Hey there, time traveller!
This article was published 10/4/2013 (1201 days ago), so information in it may no longer be current.
And now from the other end of the religious spectrum, atheists are about to weigh in on Bill 18.
The Humanists, Atheists and Agnostics of Manitoba (HAAM) will hold a panel discussion Saturday on Bill 18. It will be open to the public.
"In light of the recent controversy surrounding Bill 18, the members of HAAM felt it was important to explore the bill and to invite the public to ask a panel of interested parties for their perspective on its contents," HAAM president Donna Harris said Wednesday.
Bill 18 is Education Minister Nancy Allan's anti-bullying legislation, expected to be law by the time school opens in September.
Some opponents claim Bill 18 violates their religious freedom.
They oppose a key provision, which requires any public school and any private school receiving public funding to accommodate a student who wishes to form a gay-straight alliance.

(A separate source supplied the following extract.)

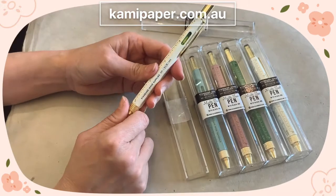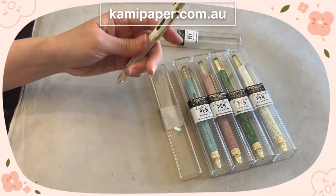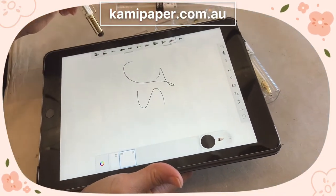Over here we have a stylus — it writes really well.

A crowd of 1,200 people attended a prayer meeting at Steinbach Christian High School Feb. 24 to oppose the bill. Southland Church pastor Ray Duerksen told his Steinbach congregation in a sermon God can replace councillors, trustees and other public officials who do not publicly oppose Bill 18.
HAAM's public session runs from 11 a.m. to 1 p.m. Saturday in the Millennium Library.

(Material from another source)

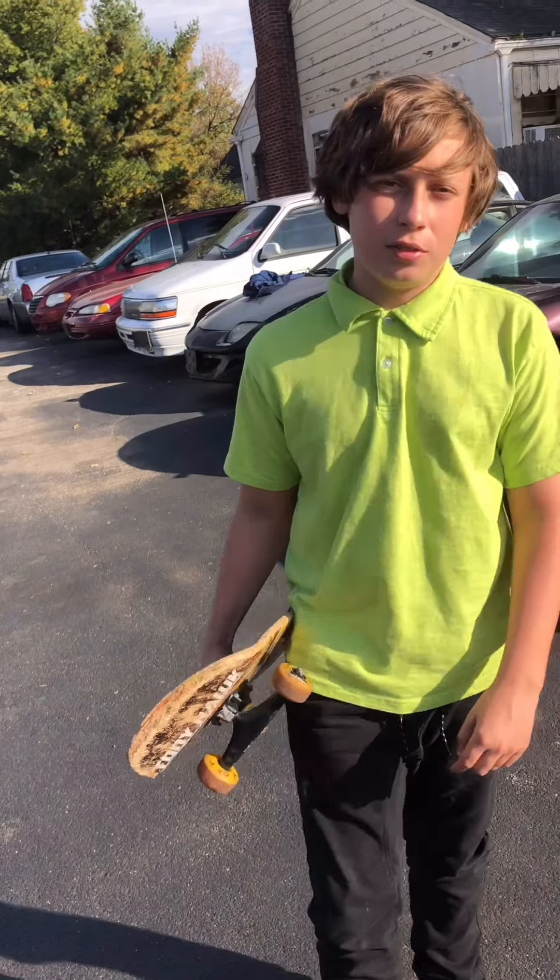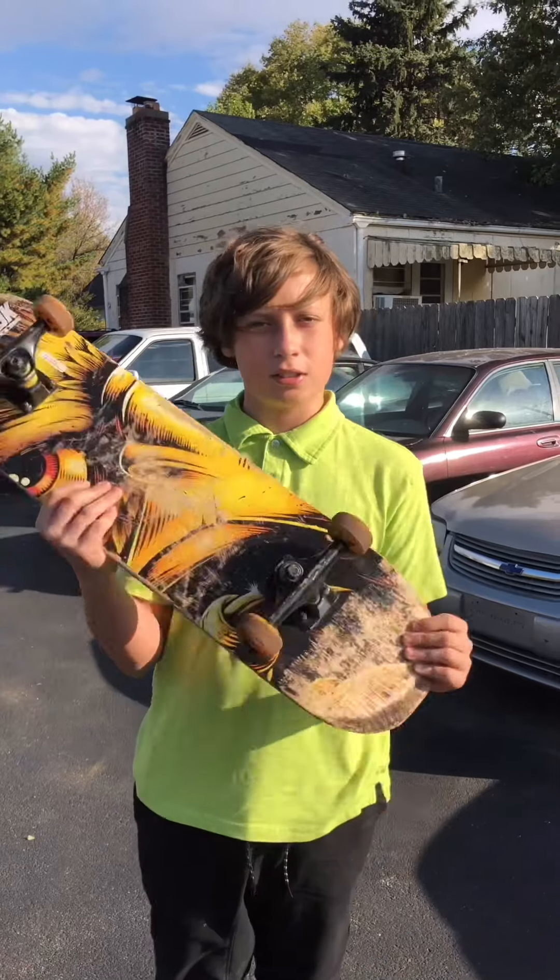Alright guys, welcome to a new video. We're going to be switching things up today. You saw our last video on how to do a bunny hop on a scooter, and today I'm going to show you how to do an ollie on a skateboard.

- Jim Rondeau, minister of healthy living, seniors and consumer affairs;
- Chad Smith, executive director of the Rainbow Resource Centre;
- Sharon Wilson, chairwoman of the Winnipeg Presbytery of the United Church;
- University of Manitoba law Prof. Donn Short;
- Jeff Olsson, humanist and member of the Clergy Project, a North American organization of former clergy.

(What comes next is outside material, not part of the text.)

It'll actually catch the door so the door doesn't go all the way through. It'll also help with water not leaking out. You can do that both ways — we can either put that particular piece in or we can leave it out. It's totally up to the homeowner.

"There has been so much confusion and so many opinions floating around that HAAM thought it was time to ask the experts for some real answers," Harris said.
"That's why our panel members comprise all the areas of the bill that have been written about: government legislation, law, religion and those who have knowledge of what gay-straight alliances are all about and how they affect gay kids," Harris said.